EXERCISE BRIEF: From the first line to the last, set down the data exactly as given.

SOURCE MATERIAL:

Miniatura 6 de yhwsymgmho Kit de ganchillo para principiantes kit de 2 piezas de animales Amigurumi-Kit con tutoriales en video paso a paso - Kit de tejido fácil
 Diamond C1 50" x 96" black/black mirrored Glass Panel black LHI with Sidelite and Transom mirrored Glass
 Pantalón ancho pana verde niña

RESULT:
Miniatura 6 de yhwsymgmho Kit de ganchillo para principiantes kit de 2 piezas de animales Amigurumi-Kit con tutoriales en video paso a paso - Kit de tejido fácil
 Diamond C1 50" x 96" black/black mirrored Glass Panel black LHI with Sidelite and Transom mirrored Glass
 Pantalón ancho pana verde niña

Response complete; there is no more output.